▶ WHAT IS EXPECTED
Give back, unaltered, the lines from the one with "Grote brand bij" to the end of the material, omitting pictures.

COLLECTED MATERIAL below:

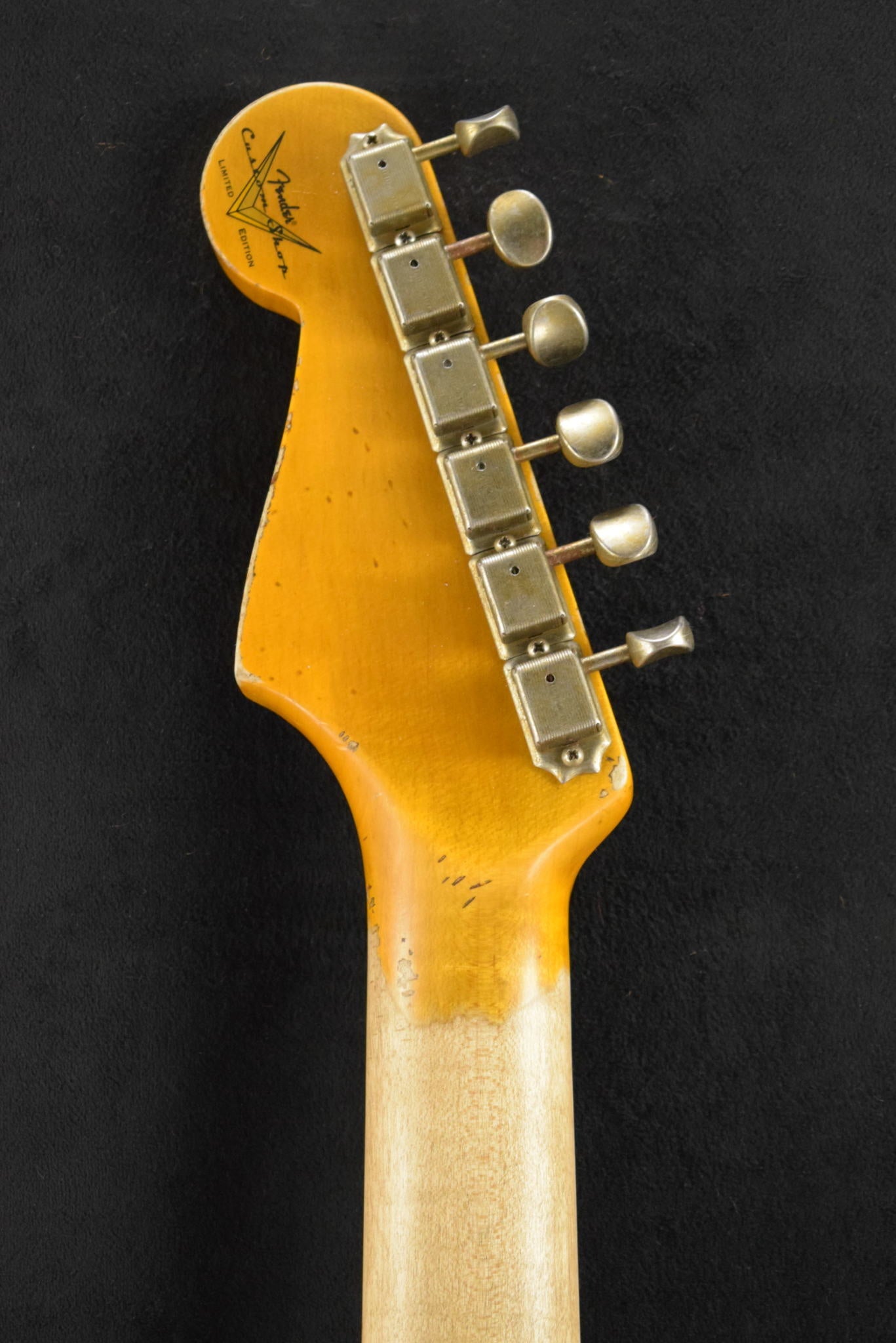 Fender Limited Edition '60 Dual-Mag II Stratocaster Super Heavy Relic - Aged Vintage White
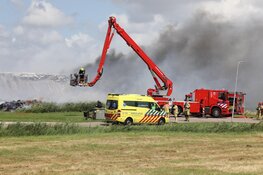 Grote brand bij agrarisch bedrijf in De Kwakel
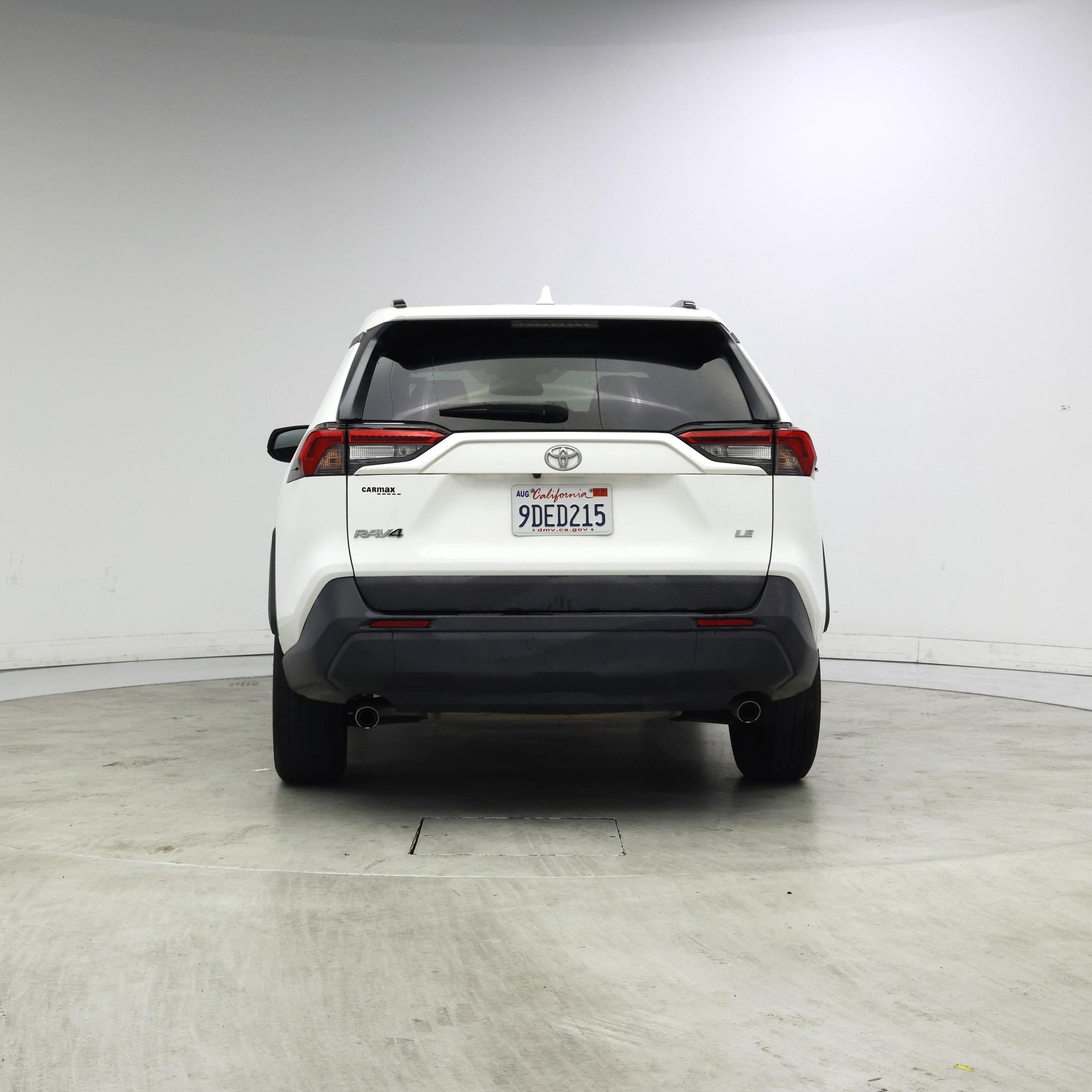 Thumbnail: 2021 Toyota RAV4 - 6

End of COLLECTED MATERIAL.

▶ ANSWER SECTION
 Grote brand bij agrarisch bedrijf in De Kwakel
 Thumbnail: 2021 Toyota RAV4 - 6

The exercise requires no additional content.